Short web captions
--

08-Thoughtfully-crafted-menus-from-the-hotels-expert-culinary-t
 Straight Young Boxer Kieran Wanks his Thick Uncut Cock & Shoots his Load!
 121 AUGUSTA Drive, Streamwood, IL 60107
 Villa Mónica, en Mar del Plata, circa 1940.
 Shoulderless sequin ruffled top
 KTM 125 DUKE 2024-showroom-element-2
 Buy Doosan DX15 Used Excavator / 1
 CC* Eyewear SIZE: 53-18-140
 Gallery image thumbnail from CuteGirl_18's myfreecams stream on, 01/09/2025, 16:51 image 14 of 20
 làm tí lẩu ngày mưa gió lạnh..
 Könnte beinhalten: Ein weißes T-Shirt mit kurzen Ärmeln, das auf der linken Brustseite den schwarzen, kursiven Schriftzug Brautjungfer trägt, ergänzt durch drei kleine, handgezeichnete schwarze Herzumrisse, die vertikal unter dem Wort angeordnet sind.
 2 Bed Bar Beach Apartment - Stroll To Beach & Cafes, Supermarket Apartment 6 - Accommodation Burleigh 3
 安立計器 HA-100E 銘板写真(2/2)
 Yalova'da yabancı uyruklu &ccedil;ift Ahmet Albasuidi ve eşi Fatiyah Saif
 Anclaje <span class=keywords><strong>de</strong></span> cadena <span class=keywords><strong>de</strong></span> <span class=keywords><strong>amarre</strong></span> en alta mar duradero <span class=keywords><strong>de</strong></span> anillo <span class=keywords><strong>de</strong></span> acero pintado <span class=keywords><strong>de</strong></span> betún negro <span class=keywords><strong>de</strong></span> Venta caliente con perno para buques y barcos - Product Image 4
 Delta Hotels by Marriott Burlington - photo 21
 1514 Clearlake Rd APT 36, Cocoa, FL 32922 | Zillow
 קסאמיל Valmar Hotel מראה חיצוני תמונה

--

REQUIRED ACTION:
Starting from the line that contains "1514 Clearlake Rd", reproduce each line of the data exactly through the last one.

PROBLEM SOLUTION:
 1514 Clearlake Rd APT 36, Cocoa, FL 32922 | Zillow
 קסאמיל Valmar Hotel מראה חיצוני תמונה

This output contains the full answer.